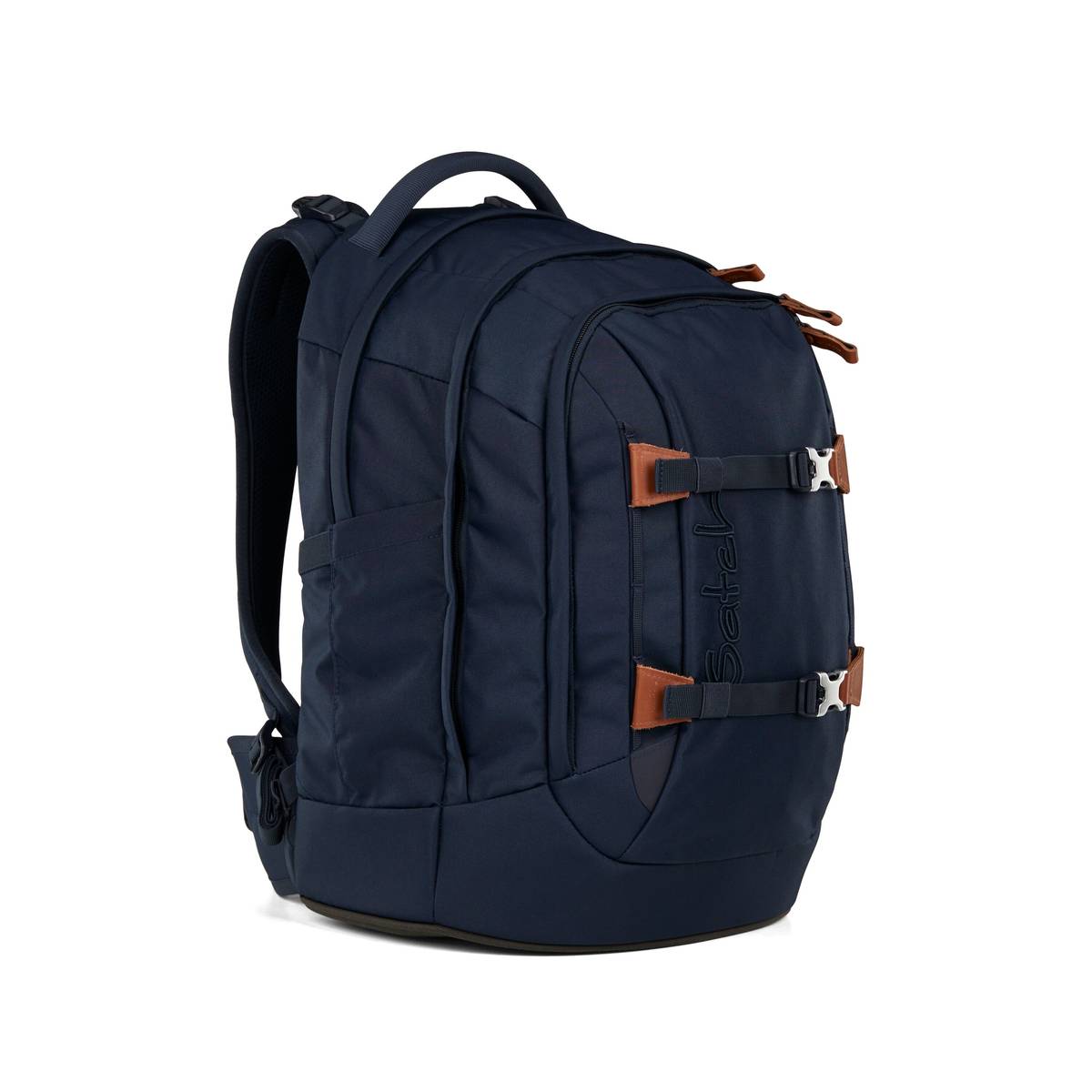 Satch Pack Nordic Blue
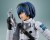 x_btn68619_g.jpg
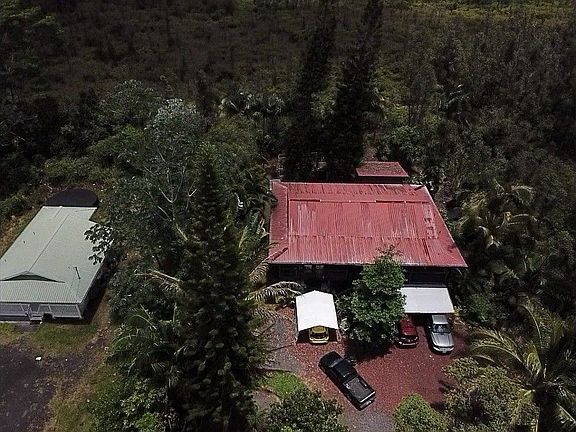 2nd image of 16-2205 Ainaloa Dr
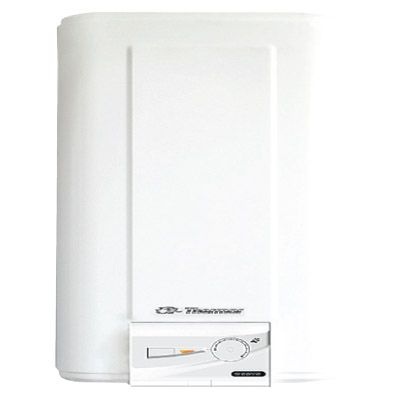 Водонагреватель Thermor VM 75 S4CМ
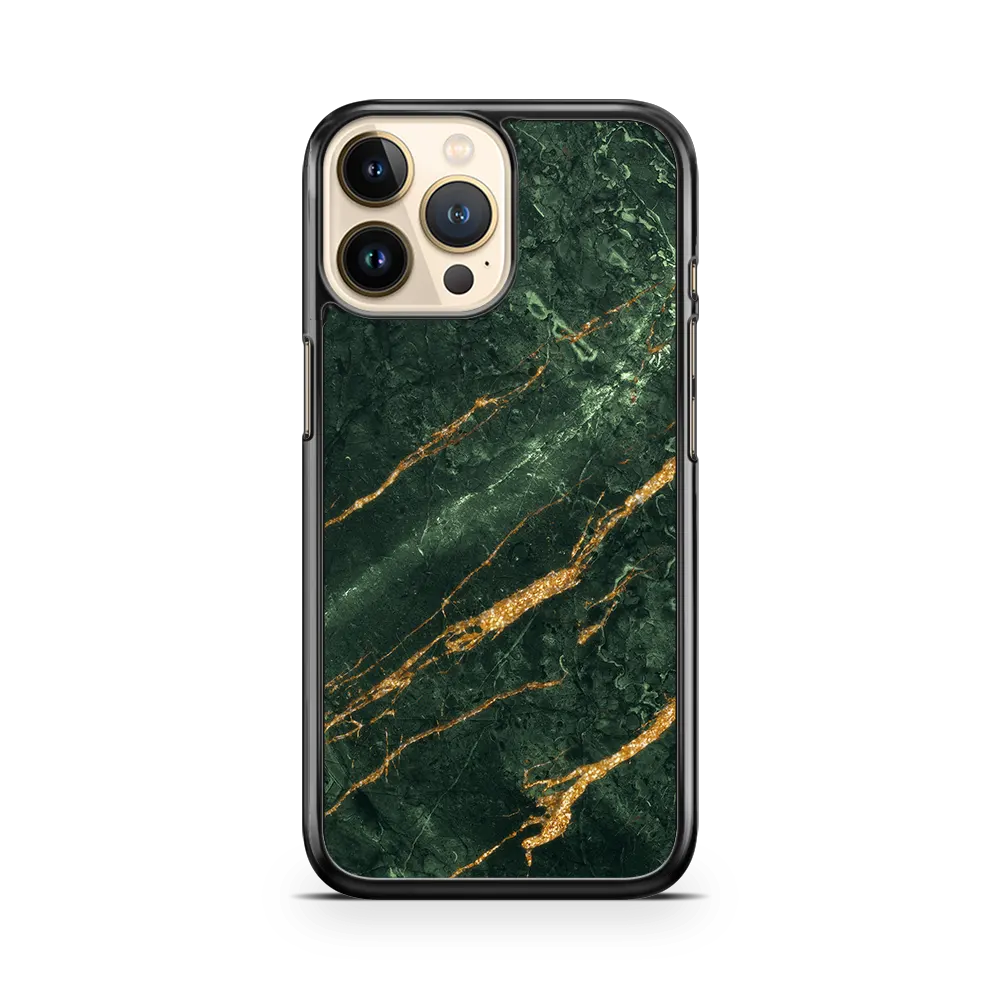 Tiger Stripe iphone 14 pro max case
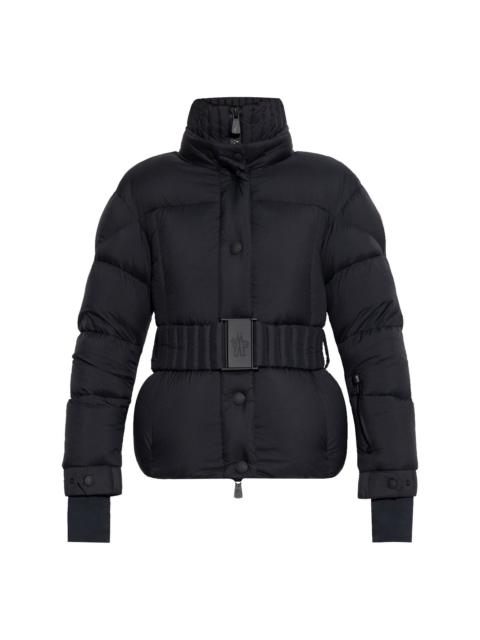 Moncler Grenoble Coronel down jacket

***

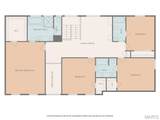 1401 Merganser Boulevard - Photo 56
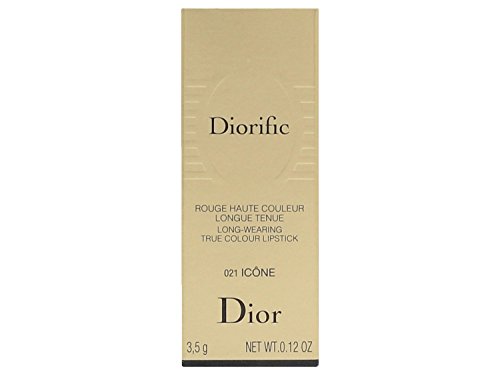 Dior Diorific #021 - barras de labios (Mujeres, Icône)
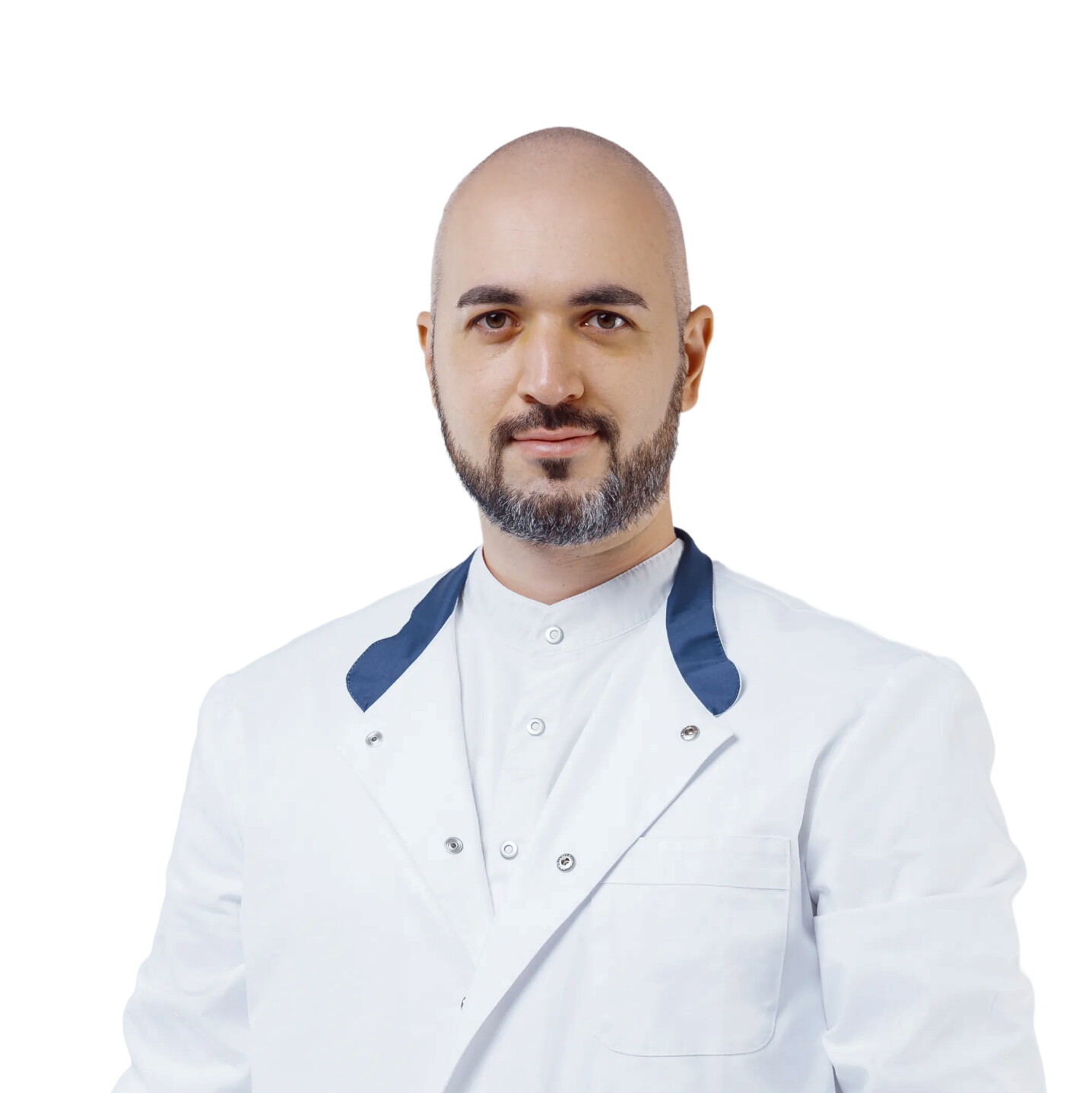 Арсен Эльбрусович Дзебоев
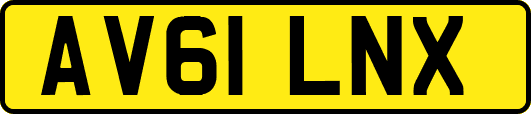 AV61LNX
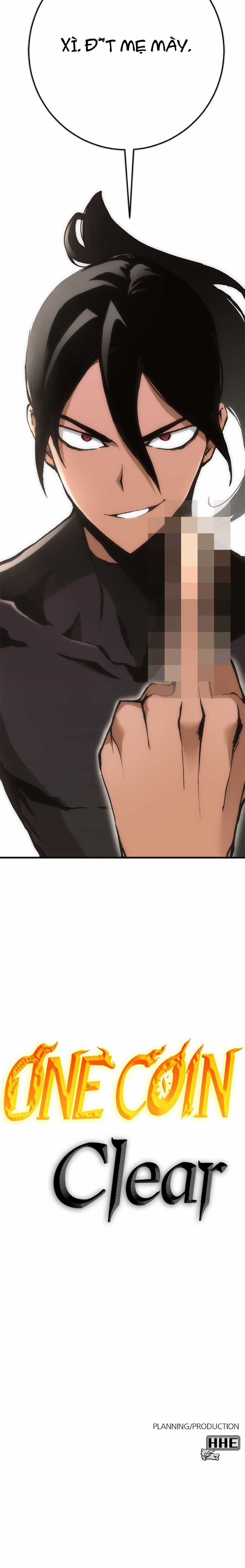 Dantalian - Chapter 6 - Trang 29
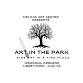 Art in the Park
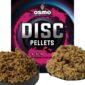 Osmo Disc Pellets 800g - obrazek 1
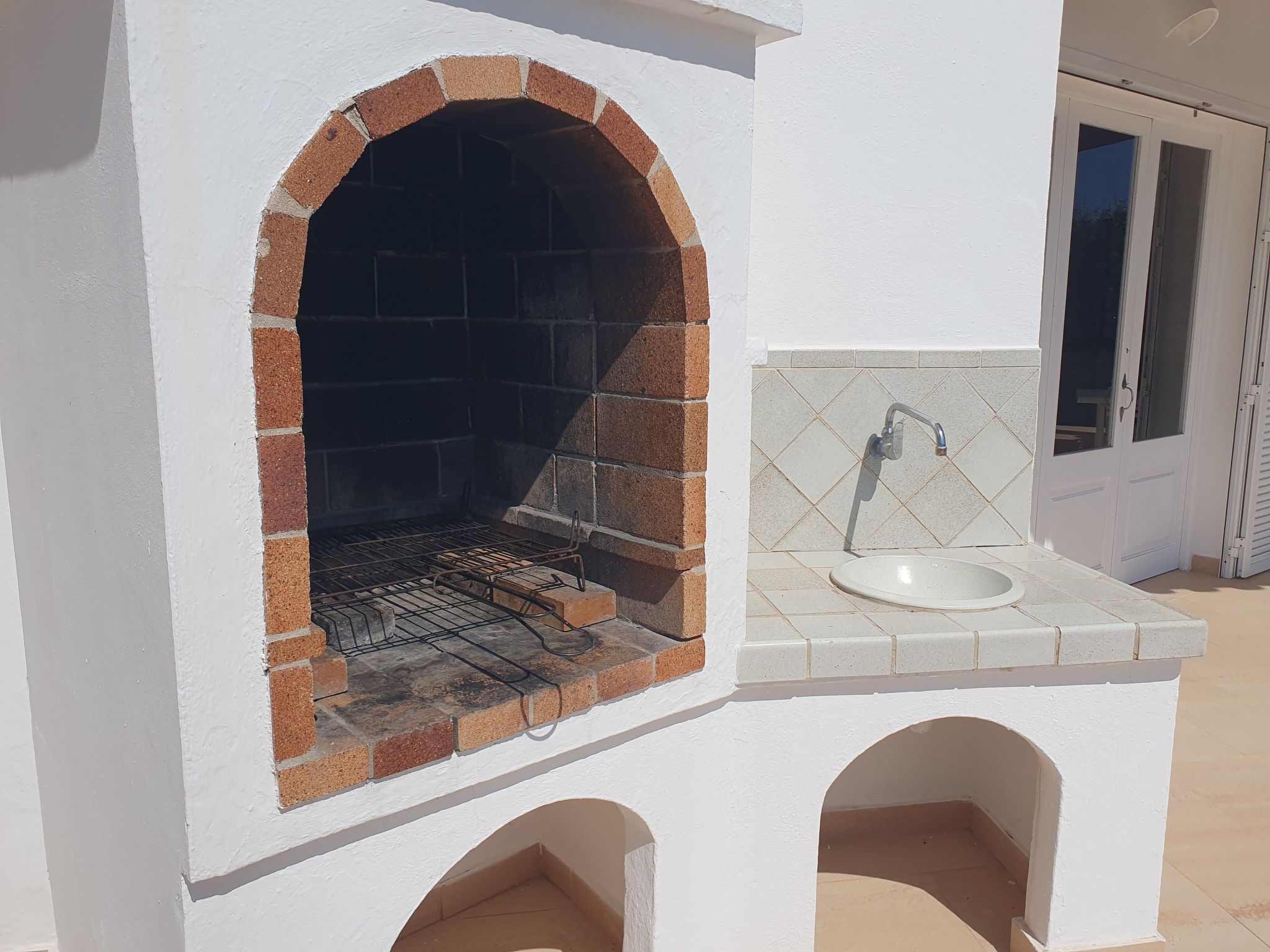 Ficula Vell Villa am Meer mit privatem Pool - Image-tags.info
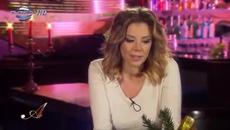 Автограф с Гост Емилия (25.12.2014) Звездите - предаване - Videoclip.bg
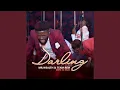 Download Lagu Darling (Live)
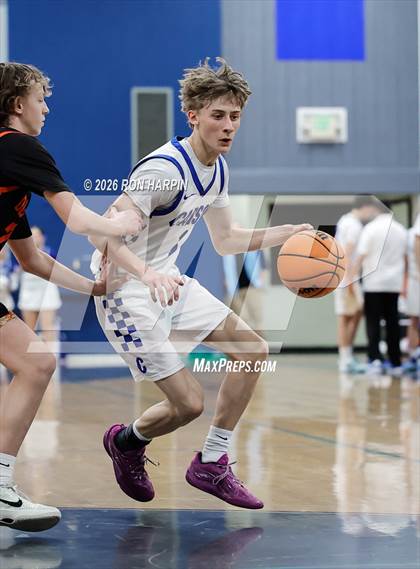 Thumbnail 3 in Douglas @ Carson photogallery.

***

_Task_: Give back exactly, and solely, the section of the data above bounded by the line containing "Ficula Vell Villa" and the line containing "Thumbnail 3 in", both bounding lines included and pictures omitted.

_Output_:
 Ficula Vell Villa am Meer mit privatem Pool - Image-tags.info
 Автограф с Гост Емилия (25.12.2014) Звездите - предаване - Videoclip.bg
 Download Lagu Darling (Live)
 Thumbnail 3 in Douglas @ Carson photogallery.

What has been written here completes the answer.